The meeting of Steve Roper with Chief Wahoo and Minnie Ha-Cha, as reprinted in Famous Funnies #89 (December 1941)

Steve Roper and Mike Nomad was an American adventure comic strip that ran under various titles from November 23, 1936, to December 26, 2004. Originally Big Chief Wahoo, the focus and title character of the strip changed over time to Chief Wahoo (1940–1945), Chief Wahoo and Steve Roper (1945–1946), Steve Roper and Wahoo (1946–1948), Steve Roper (1948–1969) and finally Steve Roper and Mike Nomad (1969–2004).

It was initially distributed by Publishers Syndicate, then by Field Newspaper Syndicate, before concluding at King Features Syndicate. Despite the changes in title, characters, themes, and authors, the entire 68-year run formed a single evolving story, from an Indian who teamed up with an adventurous young photojournalist to two long-time friends ready to retire after their long, eventful careers.

Created by Allen Saunders and Elmer Woggon, the strip was written by Saunders for more than forty years until it was taken over by his son John Saunders, who wrote it for another 24 years. Woggon illustrated the strip from its inception until the mid-1940s; other artists who spent considerable time on the strip included Pete Hoffman (11 years), William Overgard (31 years), and Fran Matera (19 years).

== Origins ==
The strip was originally proposed by Elmer Woggon as The Great Gusto, illustrated by himself and written by Allen Saunders (who would also write Mary Worth and Kerry Drake). J. Mortimer Gusto was a freeloading opportunist based on the film persona of W.C. Fields. In his autobiography, Saunders said Fields was flattered. However, the syndicate preferred his sidekick Wahoo. The proposal was revamped to center on this sidekick, and the strip debuted on November 23, 1936, as Big Chief Wahoo.

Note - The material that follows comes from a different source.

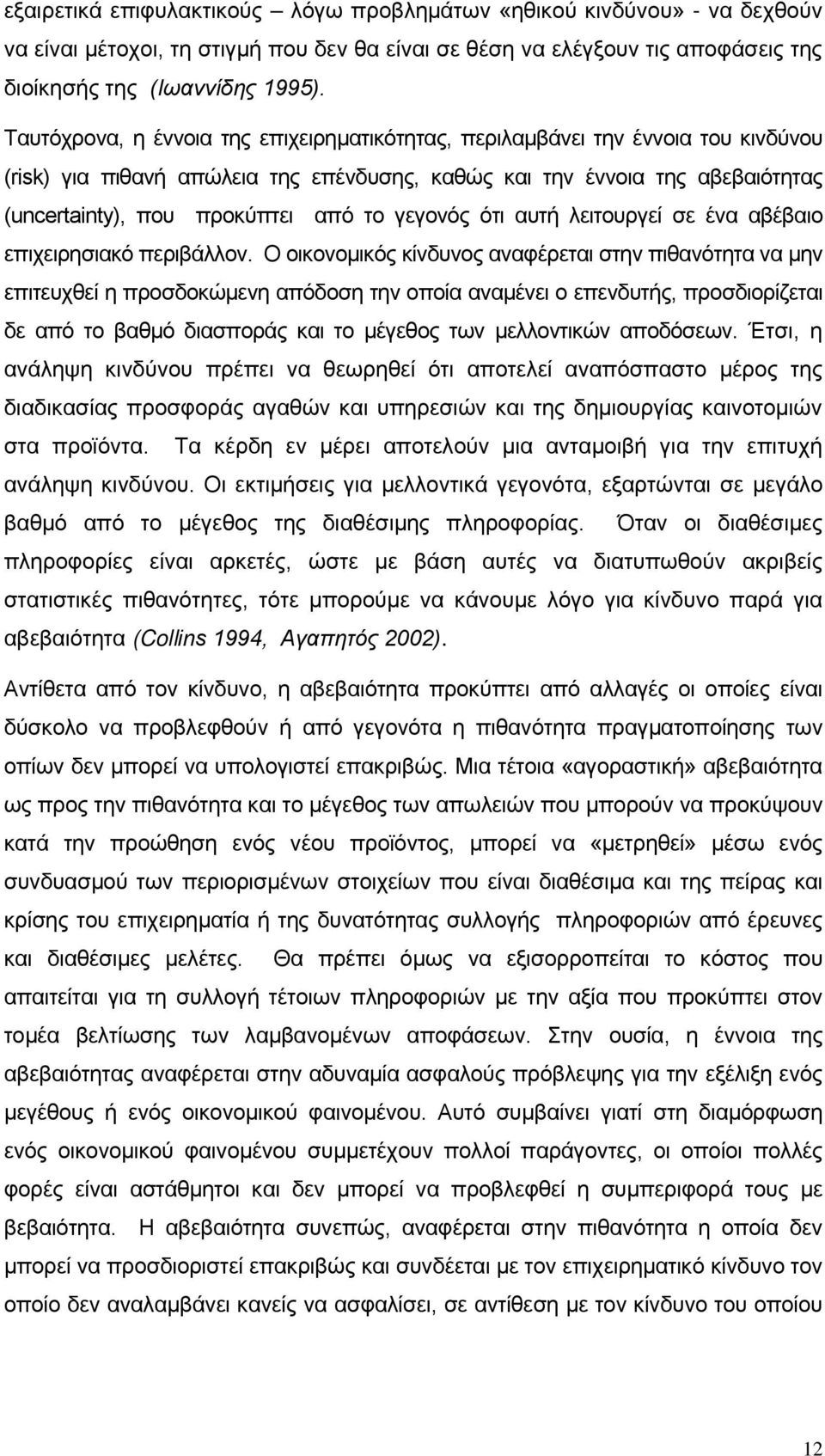 γεγονός ότι αυτή λειτουργεί σε ένα αβέβαιο επιχειρησιακό περιβάλλον.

Whitman Publishing produced three "Big Chief Wahoo" Big Little Books: Big Chief Wahoo (1938), Big Chief Wahoo and the Magic Lamp (1940) and Big Chief Wahoo and the Lost Pioneers (1942).

==Characters and story==
Wahoo was a short Native American in a ten-gallon hat who was played for laughs but showed courage, loyalty, and common sense. It was white people who were often the targets of the jokes, and the strip made vigorous defences of Native Americans. Wahoo, rich from discovering oil on his land back in Te-e-pee Town (spelled both ways in the strip), headed to New York City to find his girlfriend Minnie Ha-Cha, who had gone away to college and was now a nightclub singer. On the way, Wahoo was joined by Gusto, who continued as a support character through August 1939. Other original characters included Pigtails ("44 pounds of dynamite wrapped in calico!") and Lulu Hipps ("The bee-utiful belle of the boarding-house").

The strip initially revolved around humorous tales, such as stories about people trying to cheat Wahoo out of his money or fish-out-of-water tales of Wahoo in New York or Hollywood. From the beginning, the storyline maintained continuity, and had already moved into serious adventure by 1940 when a dashing young photojournalist named Steve Roper was introduced. By World War II, Roper was the lead in war-oriented adventures, and the strip was retitled Chief Wahoo and Steve Roper in 1945. The strip was rebranded many times in the following years, secondly as Steve Roper and Wahoo in 1946, and finally in 1948 as Steve Roper. Wahoo and Minnie were written out on February 21 and November 19, 1947, respectively. As the strip took on many different characters and backgrounds, its artwork changed; Some of the artists include Woggon's brother Bill Woggon, Don Dean, and (from December 1945 to July 1954) Pete Hoffman. Woggon remained the strip's letterer and researcher until sometime in 1975. He later passed in 1978.

==1946–1970==
After his World War II service in Navy intelligence, Roper got a job at Spotshot magazine (renamed Spotlight in 1950), and from then on the main action was set in New York City. As good with his fists as with his cameras and typewriter, he built a reputation as a racket-busting ace reporter and editor. The strip's popularity grew: after the March 1948 birth of a son to Roper's friends Sonny and Cupcake Brawnski, there was a national write-in of suggested names from readers.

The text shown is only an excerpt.